Anyway, Dalva is a masterpiece of writing, most of it first-person narrative with a female voice (Dalva's), told in flashbacks to adolescence and other stages of life from a 45-year old standpoint. The central section of the book is narrated by a crazy professor who is researching the journals of Dalva's great-grandfather, an early comer to the Sand Hills area of Nebraska, and someone sympathetic to the Sioux, in fact an agonized witness to their demise.

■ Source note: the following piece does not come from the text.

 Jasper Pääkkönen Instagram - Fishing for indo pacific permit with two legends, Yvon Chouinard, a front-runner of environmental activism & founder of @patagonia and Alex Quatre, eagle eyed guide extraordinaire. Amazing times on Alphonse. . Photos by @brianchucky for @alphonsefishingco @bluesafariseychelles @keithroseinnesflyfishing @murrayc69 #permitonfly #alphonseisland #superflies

I find it interesting that I've characterized the professor, Michael, as 'crazy' and that this was also the appellate of Crazy Horse. Harrison mentions that for the Sioux the word 'crazy' really meant something closer to 'enchanted' or 'magical.' Well, the professor's academic mind is something like fly-paper, everything sticks to it, and his personal mind is very mobile, not being undergirded by a strong character. He is thoroughly opportunistic, desperate and needy, but talented! Harrison does a marvelous job in capturing the chaos of someone like Michael. In fact, all of Harrison's characters are rich, nuanced and feel thoroughly authentic. Despite Michael's failures, Dalva and her family are very kind to him, protective and nurturing, rather like the attitude of the Sioux towards those they regarded as 'crazy', such as Dalva's great-grandfather, a johnny-appleseed-Methodist Minister whome they saw as 'too strange to kill.'
Much of the book takes place in natural settings around the Niobrara River, the kind of country I just love and tried to depict in my own novel, Desert Sanctuary. Harrison recreates the vitality of life lived close to nature. Anyone who has ever experienced such a life will be grateful to him for this book, and other readers will appreciate the window onto a life that is still available here and there in the west.
What an incredible book! And what a wonderful coincidence to have read McMurty's Crazy Horse: A Life just before reading Dalva.